What is Required to Have Success with Rainfed Skip Row Corn?.
Robert Klein1, Drew Lyon1, David Baltensperger2, Alexander Pavlista1, Charles Shapiro1, Stevan Knezevic1, Stephen Mason1, Lenis Nelson1, Mark Bernards1, Roger Elmore3, Alan Schlegel4, Merle Vigil5, Norman Klocke4, and Steve Melvin1. (1) University of Nebraska, West Central Research & Extension Center, 461 West University Drive, North Platte, NE 69101, (2) Texas A&M University, Department of Soil and Crop Sciences, College Station, NE 77843-2474, (3) Iowa State University, 2104 Agronomy Hall, Ames, IA 50011, (4) Kansas State University, Southwest Res. Ext. Center, Rt. 1 Box 148, Tribune, KS 67879, (5) USDA-ARS, Central Great Plains Research Station, 40335 County Rd. GG, Akron, CO 80720-1029
Rainfed corn (Zea mays L.) yields in the northern High Plains can range from 0 to 8,740 kg/ha or more. Since 2000, many producers in this region have experienced low, unprofitable yields as a result of severe, persistent drought. Research on skip row planting of corn, which has been conducted since 2003, suggests that this approach can reduce the risk of complete crop failure as a result of drought, but results have been variable. Why have the results been so variable? Many factors enter into the equation. These include yield potential, timing and amount of rainfall, and crop residue levels.

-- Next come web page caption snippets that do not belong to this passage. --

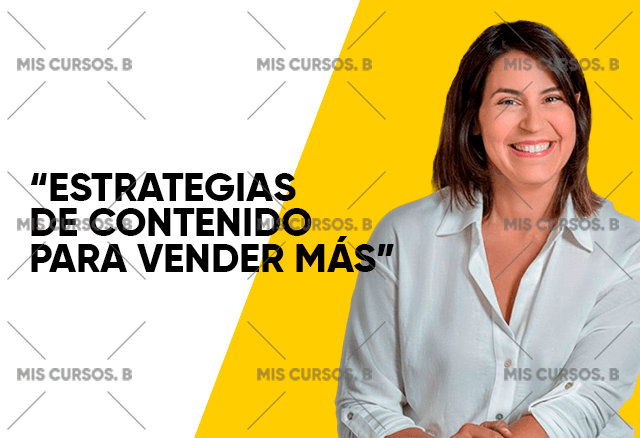 Estrategias de Contenido para Vender Mas de Emma Llensa 6 estrategias-de-contenido-para-vender-mas-de-emma-llensa_64254969bddb2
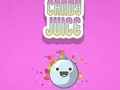 Candy Juice 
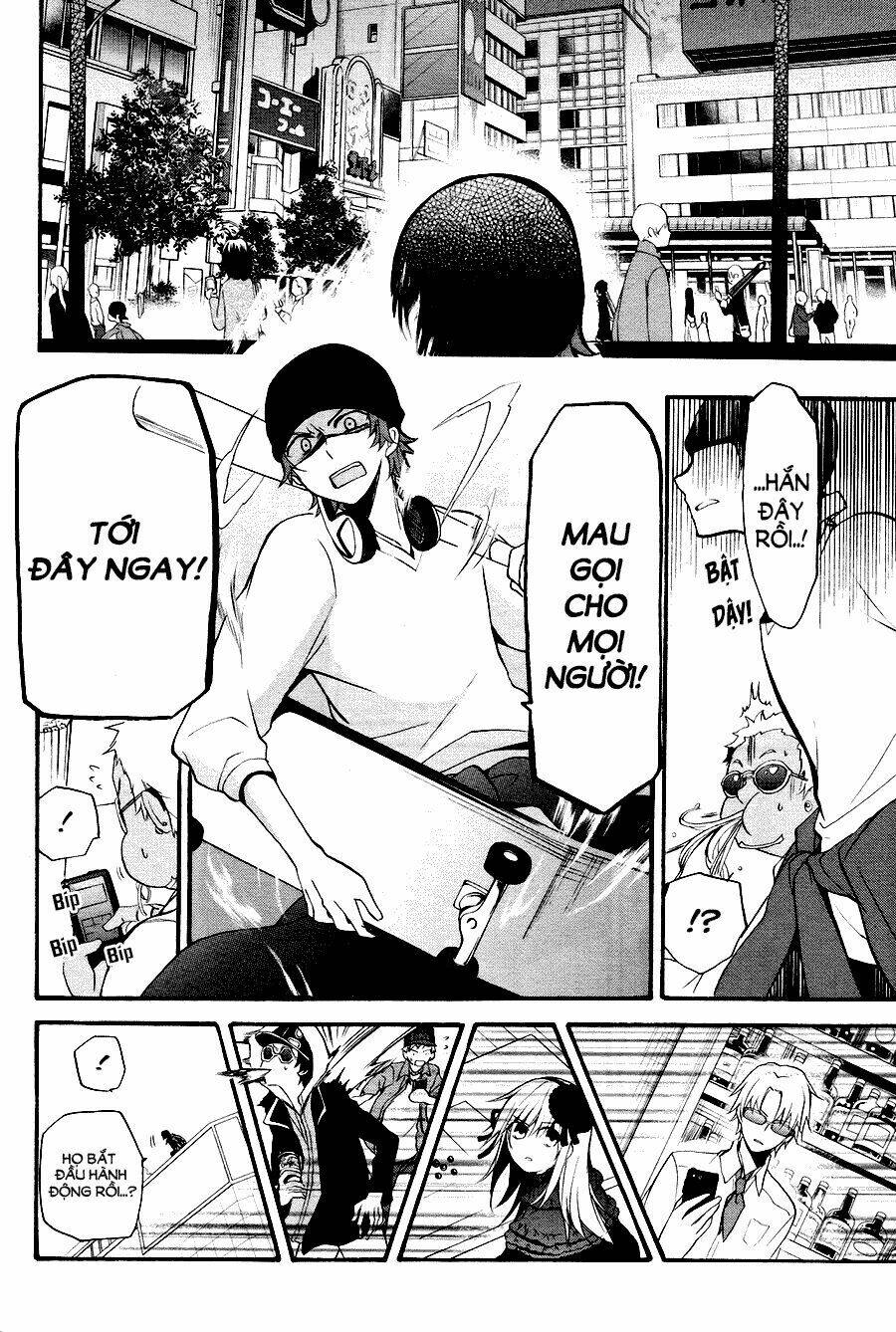 k - the first chapter 2 25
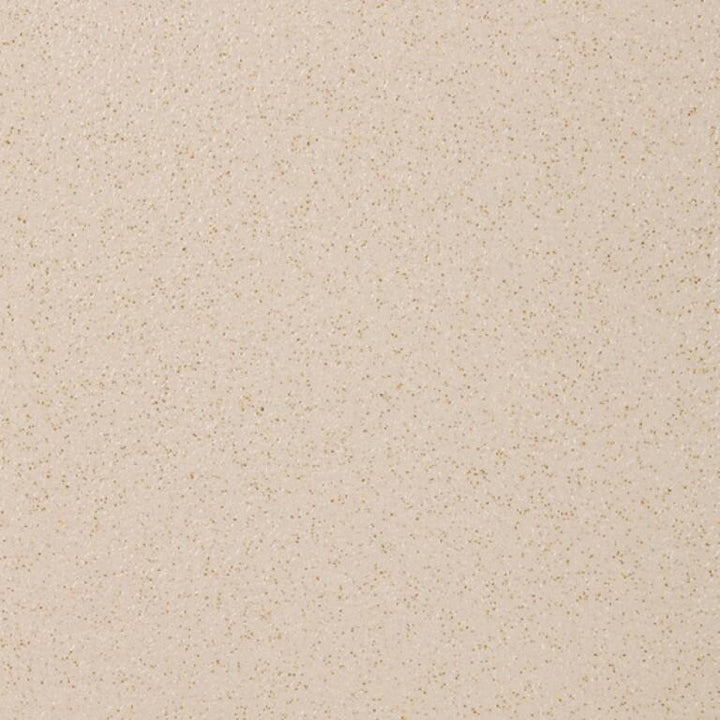 Altro Walkway 20 Minster Vm2018p Commercial Flooring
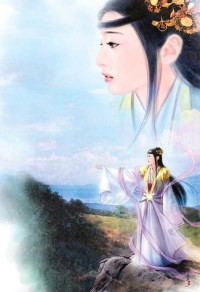 《善良的小姨子》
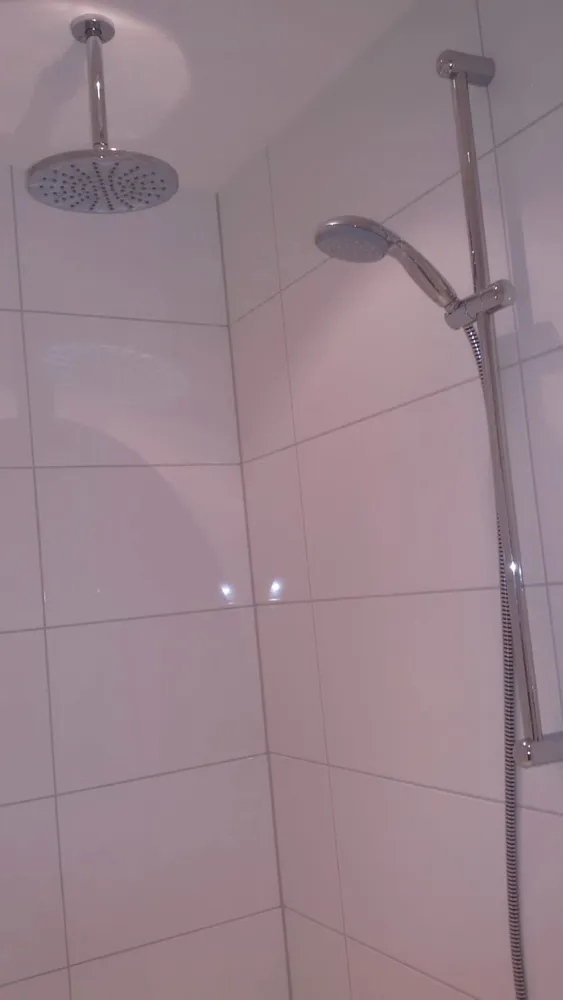 3 room apartment with 81 m² in Dortmund – Photo 8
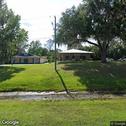 Lake City Dental Specialists, dentists office located at 2086 SW Main Blvd, Lake City, FL.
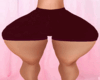 Cardi Bottega Short EMBX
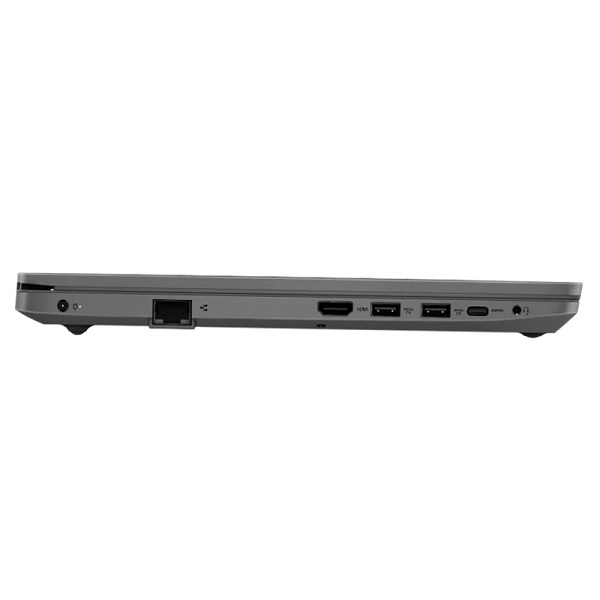 NOTEBOOK LENOVO E41-50 INTEL CORE I3-1005G1 8GB RAM/ 256 GB SSD (REACONDICIONADO) - Imagen 4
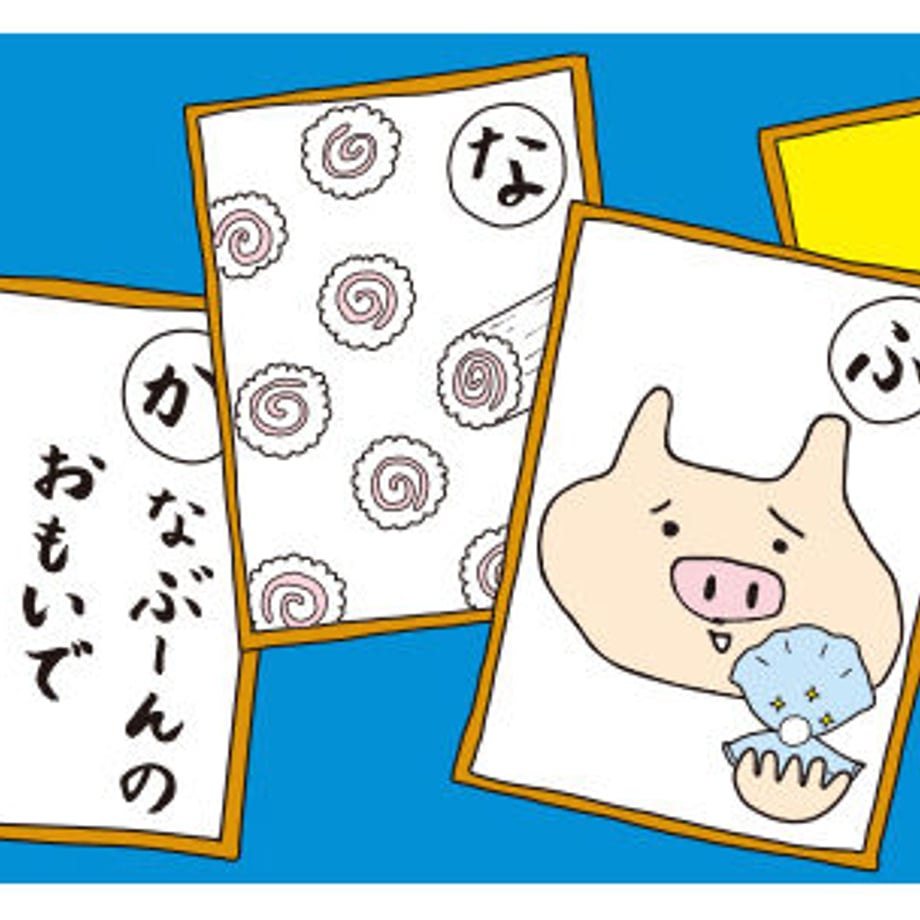 5f437c94b5b1082bfaca543a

The use of small plot equipment and frequent foot traffic for data collection in these experiments frequently resulted in very low levels of crop residue. Many farmers with good crop residue levels have had better results than some of the research plots might suggest. Observation and research results indicate how important crop residue levels are in rainfed corn production in the northern High Plains. Crop residues reduce the E (evaporation) in ET (evapotranspiration), leaving more soil water available to the crop. Research with irrigated corn in the area has demonstrated up to 10.16 centimeters of soil water loss through evaporation on bare soil as compared to soil with 80 to 100% crop residue cover. Most of this soil water loss occurs before canopy closure. Even if the skip row system conserves water, it will be at a disadvantage with minimal residue since we usually do not ever get canopy closure in the skip row system, especially with the plant-two skip-two configuration.